I don't know, I think this is going to vary depending on who you ask. Most of the very casual players I know here also avoid that brand and get into the same discussions - kids, students, people learning, people on budgets, etc. I avoided the brand when I was a kid (as much as I could with my very limited buying power).

Even if the opinion is driven by enthusiasts (as it usually is with a lot of things), in the age of "my opinion is whatever google says", that ends up being a pretty big chunk of a company's reputation.


----------



## MaxOfMetal (Mar 5, 2020)

TedEH said:


> I don't know, I think this is going to vary depending on who you ask. Most of the very casual players I know here also avoid that brand and get into the same discussions - kids, students, people learning, people on budgets, etc.
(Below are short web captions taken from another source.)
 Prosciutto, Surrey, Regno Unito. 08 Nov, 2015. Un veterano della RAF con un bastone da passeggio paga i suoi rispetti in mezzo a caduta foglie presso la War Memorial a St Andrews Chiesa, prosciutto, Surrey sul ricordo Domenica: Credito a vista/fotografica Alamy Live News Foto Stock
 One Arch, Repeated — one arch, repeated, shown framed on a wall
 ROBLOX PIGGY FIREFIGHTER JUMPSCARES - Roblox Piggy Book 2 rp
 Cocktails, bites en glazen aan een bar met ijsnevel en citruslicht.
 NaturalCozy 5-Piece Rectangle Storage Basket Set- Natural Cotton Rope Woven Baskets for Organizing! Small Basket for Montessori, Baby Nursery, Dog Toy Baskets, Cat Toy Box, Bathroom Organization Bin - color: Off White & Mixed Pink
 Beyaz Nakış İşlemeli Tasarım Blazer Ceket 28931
I avoided the brand when I was a kid (as much as I could with my very limited buying power).



Obviously folks are buying the stuff considering the huge volume of products they build and sell, over 2.5 million products shipped yearly. 

Speaking from my experience working at a retailer who sold Behringer for little over a decade, the stuff sold practically by the pallet. 

It's definitely something of a "Nickelback/FFDP" thing where absolutely everyone hates them, but somehow, magically, they sell millions of records and play sold out stadium tours.


----------



## GunpointMetal (Mar 5, 2020)

Behringer a decade ago was making cheap, not good versions of more expensive things. Their mixers, amps, speakers, etc were functional, but that was about it. At some point they upped the quality, and honestly, try finding a medium-sized club that isn't rocking an X32 for FOH and probably a stack of Behringer amplifiers running the mains/subs. The X-series mixers are more or less prosumer staples at this point, and their guitar pedals have a pretty heavy underground following (especially in doom, stoner, post-rock circles). I really don't feel bad for companies that have been producing the same piece of hardware for 30+ years and expect people to pay a high premium just for the brand name when there's zero R&D involved.


----------



## MaxOfMetal (Mar 5, 2020)

GunpointMetal said:


> Behringer a decade ago was making cheap, not good versions of more expensive things. Their mixers, amps, speakers, etc were functional, but that was about it. At some point they upped the quality, and honestly, try finding a medium-sized club that isn't rocking an X32 for FOH and probably a stack of Behringer amplifiers running the mains/subs. The X-series mixers are more or less prosumer staples at this point, and their guitar pedals have a pretty heavy underground following (especially in doom, stoner, post-rock circles). I really don't feel bad for companies that have been producing the same piece of hardware for 30+ years and expect people to pay a high premium just for the brand name when there's zero R&D involved.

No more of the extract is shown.